• YOUR OBJECTIVE: Return all the lines below exactly as written. Drop every picture.

Dataset entries:
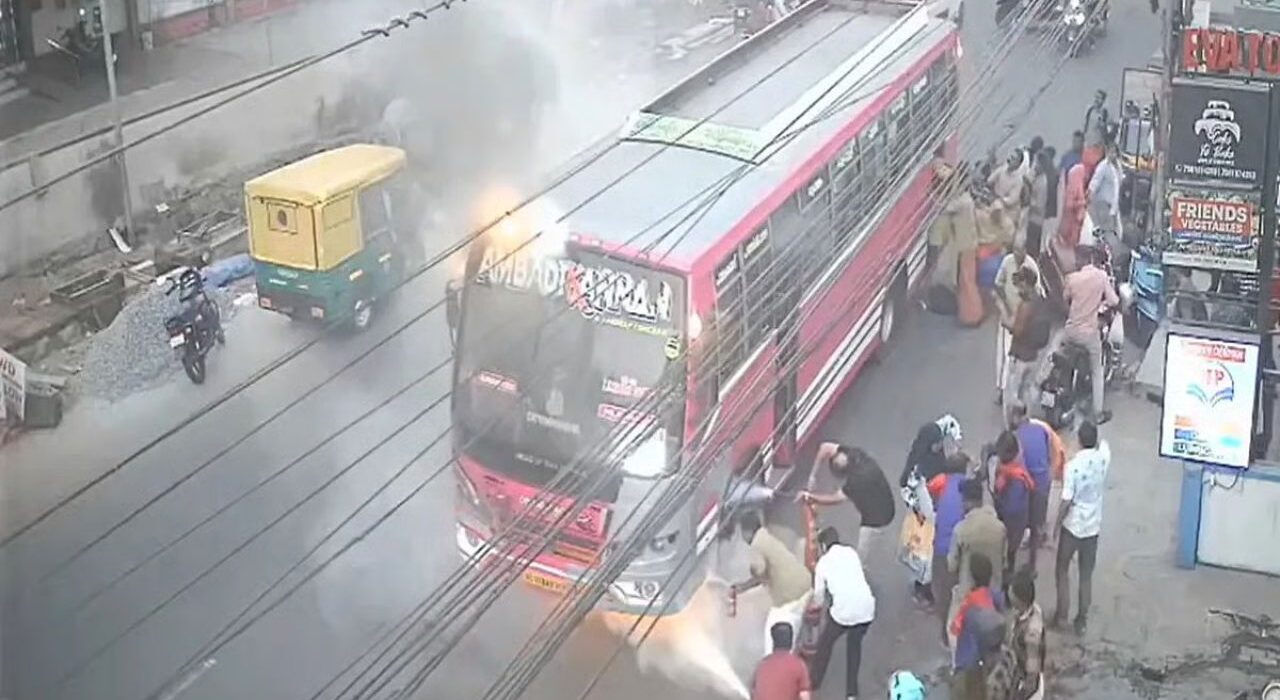 Kerala Locals Extinguish Bus Fire and Save 30 Passengers in 50 Seconds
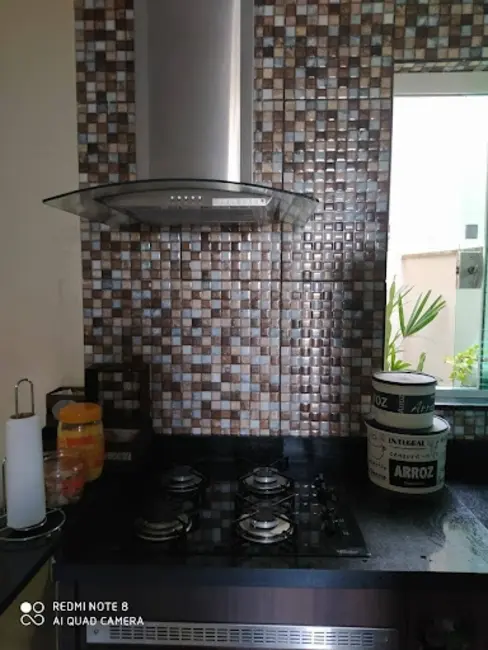 Foto 2 de Casa com 2 quartos à venda em Parque Vitória Régia, Sorocaba - SP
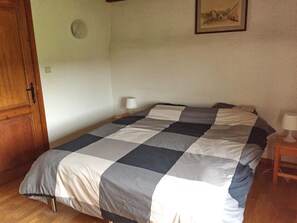 4 bedrooms, individually furnished, bed sheets - Farmhouse in Somme-leuze With Private Sauna (Somme-Leuze)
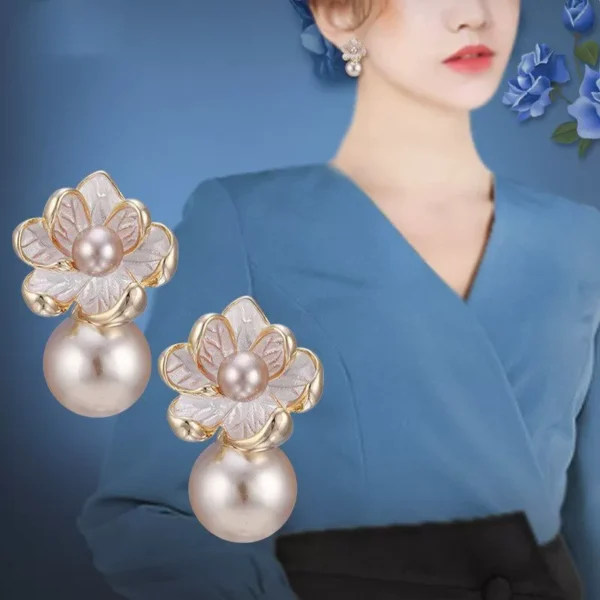 Cang Blue Flower Ear - Image 3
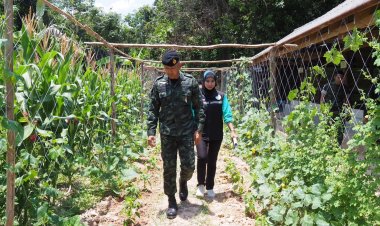 ผอ.ศปพร.ลงพื้นที่เยี่ยมเยียนพี่น้องกลุ่มเสื้อเขียวต่อยอด แนวทางศาสตร์พระราชา เพื่อพัฒนาจังหวัดชายแดนภาคใต้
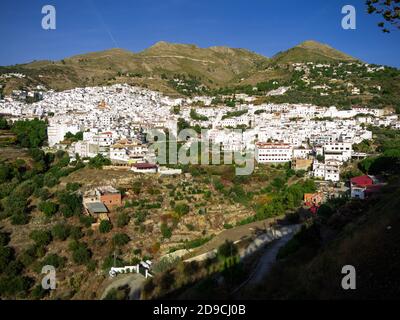 Belle vue sur les bâtiments résidentiels blancs dans les montagnes de la ville de Competa, Espagne. Banque D'Images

• COMPLETED TASK:
 Kerala Locals Extinguish Bus Fire and Save 30 Passengers in 50 Seconds
 Foto 2 de Casa com 2 quartos à venda em Parque Vitória Régia, Sorocaba - SP
 4 bedrooms, individually furnished, bed sheets - Farmhouse in Somme-leuze With Private Sauna (Somme-Leuze)
 Cang Blue Flower Ear - Image 3
 ผอ.ศปพร.ลงพื้นที่เยี่ยมเยียนพี่น้องกลุ่มเสื้อเขียวต่อยอด แนวทางศาสตร์พระราชา เพื่อพัฒนาจังหวัดชายแดนภาคใต้
 Belle vue sur les bâtiments résidentiels blancs dans les montagnes de la ville de Competa, Espagne. Banque D'Images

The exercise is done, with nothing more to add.